3. The case was transferred to the court of learned Metropolitan Magistrate, 20th Court, Calcutta and pursuant to issuance of summons, the petitioner appeared before the said court and filed an application praying for his discharge from the case under section 245 (2) of the Code of Criminal Procedure. Upon hearing the parties, the learned trial court rejected the prayer of the petitioner by the order impugned.
4. It is submitted on behalf of the petitioner that the petitioner is in no way connected with the accused company and no offence has been made out against him in the complaint. The thrust of the allegation in the complaint is against the accused company and its Directors with whom the petitioner has no nexus whatsoever.
5. The petitioner has referred to a decision of this court in Jully Techi & Ors. Versus The State of West Bengal & Another,2020 1 CalCriLR 222 (Cal) and Anu Mehta & Others v/s Gunmala Sales Private Limited & Another, (2015) 4 CalLT 310 (HC) and has prayed for his discharge from the case under section 245(2) of the Code by setting aside the order impugned.
6. In raising serious objection to the contention of the petitioner, it is submitted on behalf of the opposite party that the petitioner posed himself to be the Director, Chief Executive, and/or person in charge, in control and/or responsible for the affairs of the accused company and approached the petitioner for delivery of goods in favour of the accused company on credit. Learned Counsel for the opposite party has further submitted that upon learning that the petitioner's son is one of the Directors of the company and the petitioner does not represent the company in any capacity, the opposite party has taken out an application before the learned trial court under section 319 of the Code praying for adding the Directors/office bearers of the company as accused in the case.
7. Referring to paragraph 11 of the complaint, learned counsel has stated that notice sent to the accused/petitioner by the complainant company on 02-11-2015 was delivered to the petitioner on 03-11- 2015 and e-mails and other communications with regard to the alleged transaction was made by the complainant with the accused/ petitioner who represented the accused company.

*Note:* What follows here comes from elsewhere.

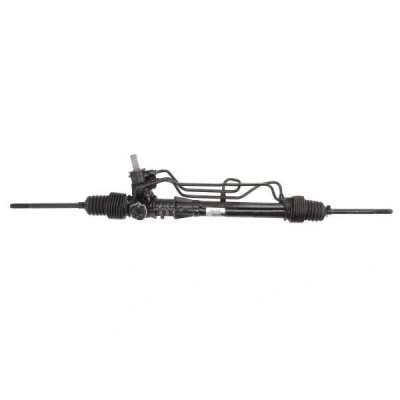 Kuva LAUBER 66.0692 Ohjausvaihde Hydraulinen M14 x 1.5mm FEMALE RENAULT: CLIO 1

8. The petitioner appeared before the learned trial court pursuant to process issued upon him under section 204 of the Code and such process has not been challenged by the petitioner who in fact appeared before the court in compliance with the same. Learned Counsel has referred to the judicial authority in Bhushan Kumar and another v/s State (NCT of Delhi) and another, (2012) AIR SC 1747. In the said judgment, the Hon'ble Supreme Court has been pleased to observe that while issuing process under section 204 of the Code, the Magistrate should form an opinion regarding existence of sufficient ground for summons to be issued and explicit narration of the same is not mandatory.

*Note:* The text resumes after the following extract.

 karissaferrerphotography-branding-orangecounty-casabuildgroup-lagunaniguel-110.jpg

9. The said principle is not disputed. But at the same time, the petitioner is not debarred from praying for discharge under section 245(2) of the Code merely on the ground that he chose not to challenge the order issuing process upon him under section 204 of the Code.
10. It is contended by the opposite party that it was the petitioner and none else who dealt with the opposite party in connection with the transaction in question and therefore cannot be absolved of the liability.
11. I have considered submission made on behalf of the parties as well as the documents placed before me.
12. It is candidly admitted on behalf of the opposite party that there is no document which suggests representation of the petitioner on behalf of the company and the petitioner was arrayed as an accused on the impression that he was the Director thereof.
13. The Master data of the accused company filed by the petitioner also discloses the name of the petitioner as the father of one of the Directors of the company Umang Bagla and it is needless to say that no liability pertaining to the company can be imposed upon the petitioner merely on the ground of his son being one of the Directors of the company. There is no document suggesting nexus or involvement of the petitioner with the company or its functioning.
14. The notice/e-mail/ correspondence of the complainant company may have been addressed to the petitioner but that does not necessarily indicate that the petitioner dealt with the same as authorised representative of the company or at all. Therefore allegation under section 420/120B of the Penal Code as made out in the complaint does not lie against the petitioner.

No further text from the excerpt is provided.